Kathleen O'Toole and Mayor Ed Murray the day he announced her as his pick for police chief.
This afternoon, the Seattle City Council's public safety committee had a little meet and greet with the yet-to-be-confirmed police chief candidate Kathleen O'Toole. I guess it could've been a moment for some tough questions, but the council seems to be on autopilot here, after a chief search process that O'Toole herself called "grueling." O'Toole is scheduled to be confirmed on June 23, after a public meeting on June 11 and another council meeting on the 12th.
Ron Sims, co-chair of the search committee, overflowed with praise for O'Toole, saying she'd "won our heart" and describing her as "innovative," "imaginative," "demanding," and "responsive." If the council confirms her, he said, "I don't think any other city will have a better, finer police chief than Seattle." Even public commenters, who tend to regale this committee in particular with invective and rage, seemed cautiously optimistic or downright excited to see O'Toole, who was as graceful, candid, and cheerful as ever. After committee chair Bruce Harrell asked her to keep her remarks short due to time, she joked that she tries to "follow the three B's: Be brief, be brilliant, be gone." The room was quite taken with her.
Which means I got skeptical. It's my job! When everyone's feeling gushy and warm and City Hall's passing out hugs, I kind of want to know who spiked the Kool-Aid and what's going on in that back room over there. But then she said something that I've been waiting to hear from a police chief for a really long time. And I understood Sims's remark about her winning the search committee's heart.

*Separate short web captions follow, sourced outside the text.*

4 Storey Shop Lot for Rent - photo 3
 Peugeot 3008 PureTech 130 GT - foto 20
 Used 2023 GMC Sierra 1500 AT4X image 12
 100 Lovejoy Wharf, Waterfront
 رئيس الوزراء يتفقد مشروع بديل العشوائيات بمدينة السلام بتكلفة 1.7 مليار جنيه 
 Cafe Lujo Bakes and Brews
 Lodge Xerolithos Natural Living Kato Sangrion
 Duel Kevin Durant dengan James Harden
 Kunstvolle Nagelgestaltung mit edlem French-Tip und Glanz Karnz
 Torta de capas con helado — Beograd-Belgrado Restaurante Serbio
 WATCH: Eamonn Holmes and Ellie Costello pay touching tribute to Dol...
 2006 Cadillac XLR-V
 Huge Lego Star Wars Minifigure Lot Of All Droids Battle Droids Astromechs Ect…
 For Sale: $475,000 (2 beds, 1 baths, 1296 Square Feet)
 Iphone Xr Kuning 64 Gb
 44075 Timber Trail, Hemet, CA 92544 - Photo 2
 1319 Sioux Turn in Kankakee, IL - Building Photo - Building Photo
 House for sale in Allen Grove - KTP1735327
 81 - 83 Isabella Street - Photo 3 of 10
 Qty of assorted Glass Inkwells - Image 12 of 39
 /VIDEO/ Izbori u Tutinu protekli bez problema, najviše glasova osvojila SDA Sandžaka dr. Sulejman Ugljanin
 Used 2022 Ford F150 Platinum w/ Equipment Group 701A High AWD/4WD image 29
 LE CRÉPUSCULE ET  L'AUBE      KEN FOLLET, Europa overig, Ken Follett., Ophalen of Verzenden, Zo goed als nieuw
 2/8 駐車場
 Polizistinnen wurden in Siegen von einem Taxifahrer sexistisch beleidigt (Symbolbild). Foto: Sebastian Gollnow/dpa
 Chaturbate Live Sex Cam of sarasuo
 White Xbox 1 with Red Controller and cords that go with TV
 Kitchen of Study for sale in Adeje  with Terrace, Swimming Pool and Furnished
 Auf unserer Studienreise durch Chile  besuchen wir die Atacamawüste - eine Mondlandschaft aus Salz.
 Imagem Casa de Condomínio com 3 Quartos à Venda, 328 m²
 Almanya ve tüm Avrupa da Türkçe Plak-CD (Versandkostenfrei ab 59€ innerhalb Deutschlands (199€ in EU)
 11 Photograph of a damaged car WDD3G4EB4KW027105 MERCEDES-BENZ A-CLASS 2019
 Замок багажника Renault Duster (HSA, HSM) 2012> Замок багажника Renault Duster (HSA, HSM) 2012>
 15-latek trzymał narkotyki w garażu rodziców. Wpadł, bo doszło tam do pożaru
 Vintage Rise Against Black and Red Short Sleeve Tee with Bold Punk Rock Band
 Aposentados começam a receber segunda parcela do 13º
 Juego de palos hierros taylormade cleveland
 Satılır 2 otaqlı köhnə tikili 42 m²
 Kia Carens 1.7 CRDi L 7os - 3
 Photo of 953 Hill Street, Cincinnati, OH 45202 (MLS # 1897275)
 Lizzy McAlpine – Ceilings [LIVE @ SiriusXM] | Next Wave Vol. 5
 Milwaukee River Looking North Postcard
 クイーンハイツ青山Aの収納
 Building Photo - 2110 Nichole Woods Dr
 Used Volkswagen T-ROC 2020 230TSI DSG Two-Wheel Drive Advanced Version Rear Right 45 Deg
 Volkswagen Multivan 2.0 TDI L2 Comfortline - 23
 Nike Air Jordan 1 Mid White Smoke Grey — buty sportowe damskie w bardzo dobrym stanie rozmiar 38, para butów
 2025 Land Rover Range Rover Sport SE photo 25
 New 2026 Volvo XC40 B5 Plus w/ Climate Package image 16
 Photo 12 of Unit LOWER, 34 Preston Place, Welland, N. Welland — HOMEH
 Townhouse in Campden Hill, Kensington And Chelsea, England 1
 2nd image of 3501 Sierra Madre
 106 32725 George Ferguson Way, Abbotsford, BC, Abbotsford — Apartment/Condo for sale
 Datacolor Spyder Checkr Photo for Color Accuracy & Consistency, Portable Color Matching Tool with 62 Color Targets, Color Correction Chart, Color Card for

"My favorite part of the job," she said, for the at least the second time, "is always getting out there in the community." She added that sure, she understands everyone has strengths and weaknesses, and maybe not every officer considers public outreach or community engagement their best asset.
But, she mused, "I think for a long time we've maybe recruited the wrong type of people to policing." She sounded a bit like she was thinking aloud.
"On TV," she said, "policing is all about car chases," and tough guys, and action shots. But that's just not a reflection of reality—and it's not good advertising for the job. In the real world, she continued, "policing is all about helping people in need." Whether that's solving a crime or delivering a baby or answering questions, it's "just really being there for people in need."
So, she added, "we need to better educate young people on what the job's all about. And hopefully we'll recruit the kind of candidates who are eager to get out there in the community."
She's certainly not the first person to posit that maybe the "wrong type of people" are attracted to policing, a position of societal power that can be abused. But she's our next police chief talking about the parts of police culture that are wrong, and she's also saying clearly that there's a solution: recruiting good cops, training them well, emphasizing community engagement. Her version of policing is all about public trust and a good relationship with the general public—and she said all this in answer to a comment from Bruce Harrell on the department's race and social justice training, meaning that these comments were about officers' responsibility to engage with all communities.
Whether words are backed up by deeds is something that only time will tell, and deeds are really the only way to judge a police chief. But it's certainly a glimmer of hope.